Más cauto y más atormentado, el viejo Miguel Ángel, consagrado para los demás y fracasado para él mismo, llegó a la conclusión de que su ideal liberador a través de la escultura nunca podría ser realizado. Lo divino nunca podría ser arrancado de la entraña de la piedra. En consecuencia, optó por dejar sus obras inacabadas, formas atrapadas en el mármol que reflejaban los límites del hombre ante la creación. De esa etapa final proceden las esculturas semiprisioneras y misteriosas de la Pietà Rondanini y la Pietà Palestrina.

Al margen de esta concepción fronteriza, que constituye una de las poéticas más apasionantes de la historia del arte, resulta llamativa la insistencia de Miguel Ángel en un aprendizaje completamente singular.
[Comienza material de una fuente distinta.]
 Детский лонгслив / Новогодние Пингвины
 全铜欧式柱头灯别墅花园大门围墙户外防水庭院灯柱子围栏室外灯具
El escultor, antes que nada, debe aprender "a escuchar la piedra". Sólo el que pacientemente lo consiga estará en condiciones de desnudar la materia.

En el relato de Rilke, Miguel Ángel, que se afana en escuchar el mensaje de la piedra, busca laboriosamente la complicidad de un ayudante enigmático que guíe su mano ante el mármol: "¿Quién, Dios mío, sino tú?". A Rilke, al evocarlo, le interesa poner de relevancia la conjunción entre los dos factores que permitían la existencia del arte: el trabajo, llevado incluso hasta el agotamiento, y el enigma, vinculado en el cuento a la revelación de la piedra.

Rainer Maria Rilke, en consecuencia, se refugia en la autoridad de Miguel Ángel para exponer sus propios principios. Pero entre ellos permanece el gran mediador, August Rodin, quien, al parecer, contó al poeta los episodios legendarios de la vida de Miguel Ángel y, en especial, la peculiar inclinación que dio título a su narración Aquel que escuchaba a las piedras. Junto a la de Tolstoi, la influencia de Rodin fue las más perdurable en la vida de Rilke, incluso después de la violenta ruptura entre ambos (Rodin, a decir verdad, se deshizo de Rilke).

August Rodin, a quienes tantos trataban de emular, fomentó una auténtica constelación artística a su alrededor, una maestría quizá incomprensible en nuestro tiempo, pero que en el suyo no era imposible, como precisamente demuestra también el caso de Tolstoi (lo recuerda la actual exposición de Caixafòrum, Rodin: la revolución de la escultura). Sin embargo, él sólo tenía un modelo absoluto: Miguel Ángel. En sus ensayos sobre el escultor francés, Rilke ha explicado pormenorizadamente esta relación que marcó la larga e intensísima trayectoria de Rodin. Ha sido, con mucha probabilidad, el mayor diálogo de la historia de la escultura.

A Rodin no le interesaba el clasicismo que ocultaba las tensiones interiores bajo una apariencia de elegante armonía. Por el contrario, sus desnudos buscan expresar una pulsión similar a la perseguida por Miguel Ángel. En este sentido su obra maestra, La puerta del infierno, es una declaración de principios pese a que debemos sustituir el cristianismo miguelangeliano por una visión laica y, en ocasiones, pagana. Es muy probable, asimismo, que las impactantes anatomías fragmentadas de Rodin sean herederas directas de los misteriosos non-finito del gran artista florentino.

Con todo, quizá el más decisivo influjo sea invisible y tenga que ver con la "escuela de piedra" de la que habla Rilke en su relato. Como para Miguel Ángel, para Rodin sólo el trabajo es el camino hacia la inspiración y el enigma. Más que al artista moderno, confiado a las veleidades de la originalidad, el escultor francés admiraba al anónimo artesano medieval que, atento a la lección de piedra, cedía su maestría al esfuerzo colectivo que representaba la construcción de la catedral.

Tras tanta arrogancia creativa, quizá debiéramos hacer nuestra su reivindicación del aprendiz: "A menudo en las cosas más modestas es donde uno aprende más. El trabajo es misterioso. Se entrega a los pacientes y a los sencillos, y se niega a los apresurados y a los vanidosos. Se entrega al aprendiz".